- DATASET:
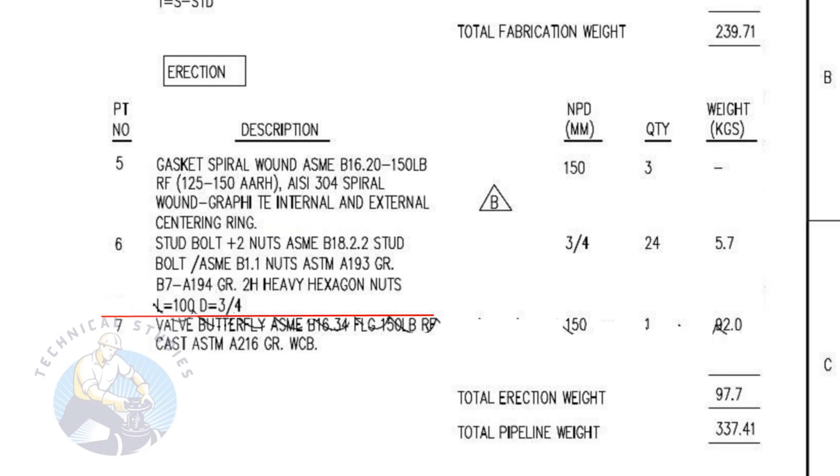Item number six is stud bolts with two numbers heavy duty nuts and washers. The stud length is 100 millimeters and the diameter is three-fourths. The quantity is 24 numbers. Item number seven is a cast iron butterfly valve. The quantity is one.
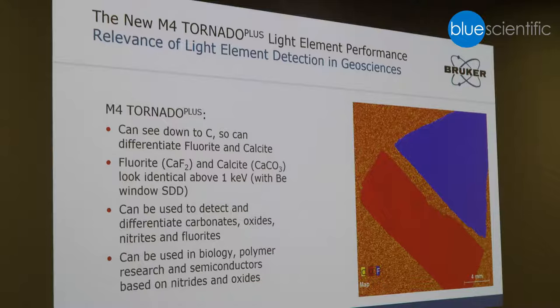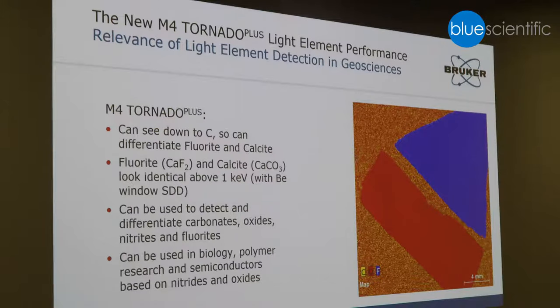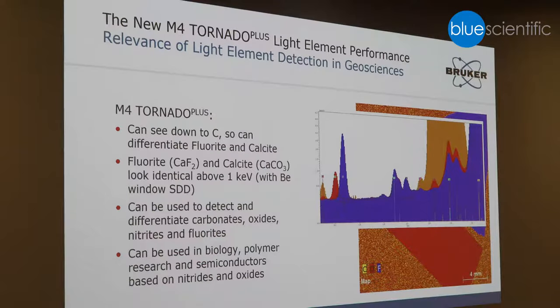This is proof that we can really analyze light elements. This is a mineralogic sample, and the motivation is to differentiate between fluorite and calcite. In the past this was quite difficult because fluorite is one of the key elements we couldn't detect. Here you can see the distribution of fluorite, oxygen, and carbon — the carbon here is in the background as it's a resin-embedded sample. In the spectrum you see the oxygen peak, the carbon peak, and the blue one is the fluorite. This can now be utilized for geological samples or any other samples where you want to analyze elements below the previous barrier of sodium.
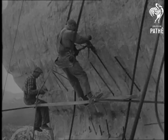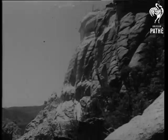It's a man-sized undertaking, and before the sculptor can go to work, drillers prepare to blast the granite with dynamite to form the rough outlines of the carvings.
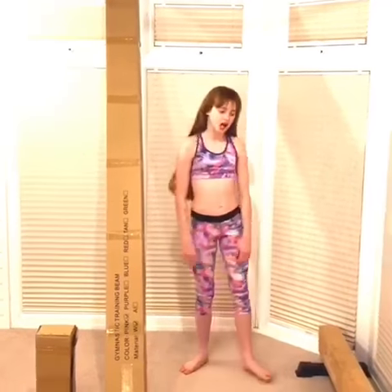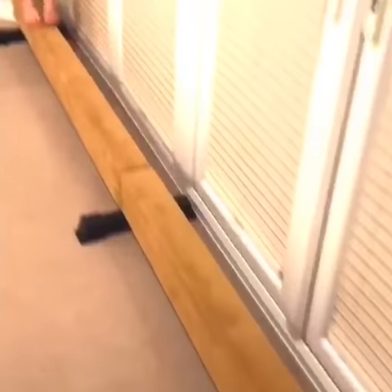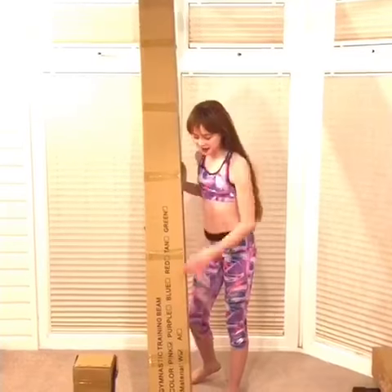If you would like a beam for Christmas, and my amazing Canons UK 12ft beam is a bit too long, why not get the 8ft beam from Canons UK? Mine is in pink.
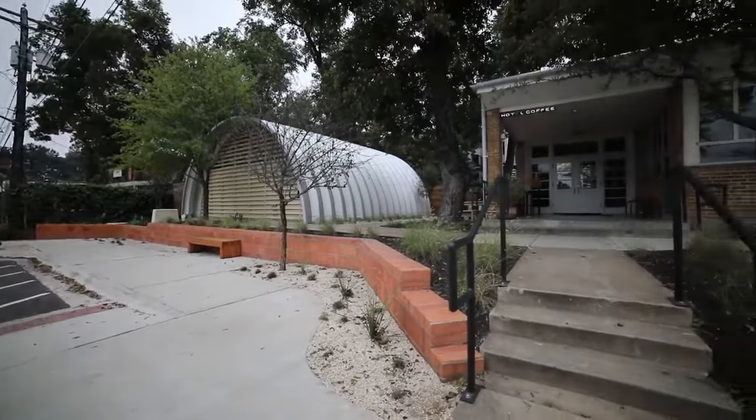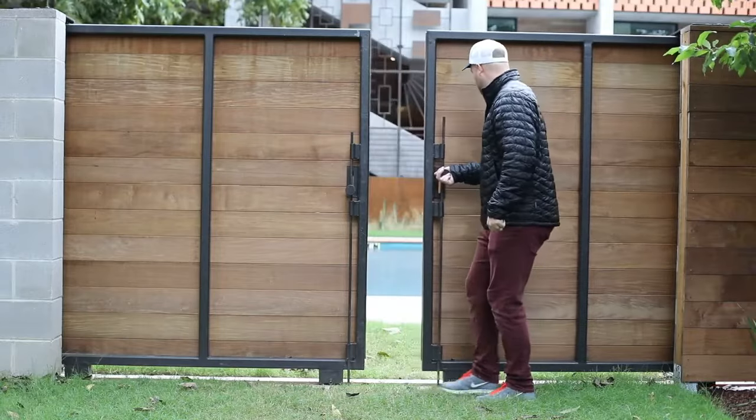Next week's episode is going to be all about the Carpenter Hotel and what I found interesting about that project. So be sure to hit subscribe and click on the notification bell, and we'll see you next time on Timber Tips.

- YOUR TASK: Line by line, reproduce the material above exactly, leaving each picture out.

- REPLY:
Item number six is stud bolts with two numbers heavy duty nuts and washers. The stud length is 100 millimeters and the diameter is three-fourths. The quantity is 24 numbers. Item number seven is a cast iron butterfly valve. The quantity is one.
This is proof that we can really analyze light elements. This is a mineralogic sample, and the motivation is to differentiate between fluorite and calcite. In the past this was quite difficult because fluorite is one of the key elements we couldn't detect. Here you can see the distribution of fluorite, oxygen, and carbon — the carbon here is in the background as it's a resin-embedded sample. In the spectrum you see the oxygen peak, the carbon peak, and the blue one is the fluorite. This can now be utilized for geological samples or any other samples where you want to analyze elements below the previous barrier of sodium.
It's a man-sized undertaking, and before the sculptor can go to work, drillers prepare to blast the granite with dynamite to form the rough outlines of the carvings.
If you would like a beam for Christmas, and my amazing Canons UK 12ft beam is a bit too long, why not get the 8ft beam from Canons UK? Mine is in pink.
Next week's episode is going to be all about the Carpenter Hotel and what I found interesting about that project. So be sure to hit subscribe and click on the notification bell, and we'll see you next time on Timber Tips.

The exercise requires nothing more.